> [Exercise details]
Repeat verbatim, and only, the lines of the data below, beginning at the line that contains "The cheesecake layer" and stopping after the line that contains "非洲骑手更换电动摩托车电池图片素材".

> [Material for the task]
───

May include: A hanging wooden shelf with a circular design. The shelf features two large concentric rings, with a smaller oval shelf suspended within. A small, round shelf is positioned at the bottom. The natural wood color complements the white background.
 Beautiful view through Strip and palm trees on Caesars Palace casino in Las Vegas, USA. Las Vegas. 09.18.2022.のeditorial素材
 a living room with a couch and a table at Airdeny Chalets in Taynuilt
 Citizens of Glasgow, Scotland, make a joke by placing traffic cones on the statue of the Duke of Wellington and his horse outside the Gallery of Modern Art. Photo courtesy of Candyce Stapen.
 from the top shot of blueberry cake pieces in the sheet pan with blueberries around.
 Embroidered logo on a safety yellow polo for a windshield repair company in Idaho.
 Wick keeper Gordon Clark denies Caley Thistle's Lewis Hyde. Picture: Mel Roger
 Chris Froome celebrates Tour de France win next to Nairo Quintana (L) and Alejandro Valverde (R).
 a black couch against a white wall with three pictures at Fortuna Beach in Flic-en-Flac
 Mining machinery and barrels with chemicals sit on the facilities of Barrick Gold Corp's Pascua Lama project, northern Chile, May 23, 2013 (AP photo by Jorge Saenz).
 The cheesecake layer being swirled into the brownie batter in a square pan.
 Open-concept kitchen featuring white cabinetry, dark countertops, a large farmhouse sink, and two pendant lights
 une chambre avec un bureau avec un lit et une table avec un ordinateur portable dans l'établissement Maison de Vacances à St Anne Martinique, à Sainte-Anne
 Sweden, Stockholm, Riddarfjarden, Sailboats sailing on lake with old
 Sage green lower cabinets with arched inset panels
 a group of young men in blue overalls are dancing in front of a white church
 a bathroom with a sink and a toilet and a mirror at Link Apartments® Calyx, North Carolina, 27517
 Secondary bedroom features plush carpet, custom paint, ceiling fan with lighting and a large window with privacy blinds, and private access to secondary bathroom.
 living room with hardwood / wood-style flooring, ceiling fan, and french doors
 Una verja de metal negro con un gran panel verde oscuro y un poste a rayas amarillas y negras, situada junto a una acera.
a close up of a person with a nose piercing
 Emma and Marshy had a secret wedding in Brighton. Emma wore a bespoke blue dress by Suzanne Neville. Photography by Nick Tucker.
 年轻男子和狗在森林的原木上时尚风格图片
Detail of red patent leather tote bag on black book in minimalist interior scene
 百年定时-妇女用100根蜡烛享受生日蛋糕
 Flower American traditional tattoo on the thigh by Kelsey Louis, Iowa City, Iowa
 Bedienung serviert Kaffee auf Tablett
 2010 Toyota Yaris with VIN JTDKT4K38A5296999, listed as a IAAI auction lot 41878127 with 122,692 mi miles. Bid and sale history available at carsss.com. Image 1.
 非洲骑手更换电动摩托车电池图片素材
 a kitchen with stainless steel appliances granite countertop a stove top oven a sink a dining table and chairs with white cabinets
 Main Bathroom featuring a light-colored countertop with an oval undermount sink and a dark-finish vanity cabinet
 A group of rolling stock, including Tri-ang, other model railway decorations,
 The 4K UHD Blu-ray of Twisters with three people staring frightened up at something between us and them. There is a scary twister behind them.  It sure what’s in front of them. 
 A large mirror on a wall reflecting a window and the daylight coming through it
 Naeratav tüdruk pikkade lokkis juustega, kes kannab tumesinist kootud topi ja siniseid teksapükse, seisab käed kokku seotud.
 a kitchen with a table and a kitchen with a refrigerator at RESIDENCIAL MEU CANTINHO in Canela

───

> [Task solution]
 The cheesecake layer being swirled into the brownie batter in a square pan.
 Open-concept kitchen featuring white cabinetry, dark countertops, a large farmhouse sink, and two pendant lights
 une chambre avec un bureau avec un lit et une table avec un ordinateur portable dans l'établissement Maison de Vacances à St Anne Martinique, à Sainte-Anne
 Sweden, Stockholm, Riddarfjarden, Sailboats sailing on lake with old
 Sage green lower cabinets with arched inset panels
 a group of young men in blue overalls are dancing in front of a white church
 a bathroom with a sink and a toilet and a mirror at Link Apartments® Calyx, North Carolina, 27517
 Secondary bedroom features plush carpet, custom paint, ceiling fan with lighting and a large window with privacy blinds, and private access to secondary bathroom.
 living room with hardwood / wood-style flooring, ceiling fan, and french doors
 Una verja de metal negro con un gran panel verde oscuro y un poste a rayas amarillas y negras, situada junto a una acera.
a close up of a person with a nose piercing
 Emma and Marshy had a secret wedding in Brighton. Emma wore a bespoke blue dress by Suzanne Neville. Photography by Nick Tucker.
 年轻男子和狗在森林的原木上时尚风格图片
Detail of red patent leather tote bag on black book in minimalist interior scene
 百年定时-妇女用100根蜡烛享受生日蛋糕
 Flower American traditional tattoo on the thigh by Kelsey Louis, Iowa City, Iowa
 Bedienung serviert Kaffee auf Tablett
 2010 Toyota Yaris with VIN JTDKT4K38A5296999, listed as a IAAI auction lot 41878127 with 122,692 mi miles. Bid and sale history available at carsss.com. Image 1.
 非洲骑手更换电动摩托车电池图片素材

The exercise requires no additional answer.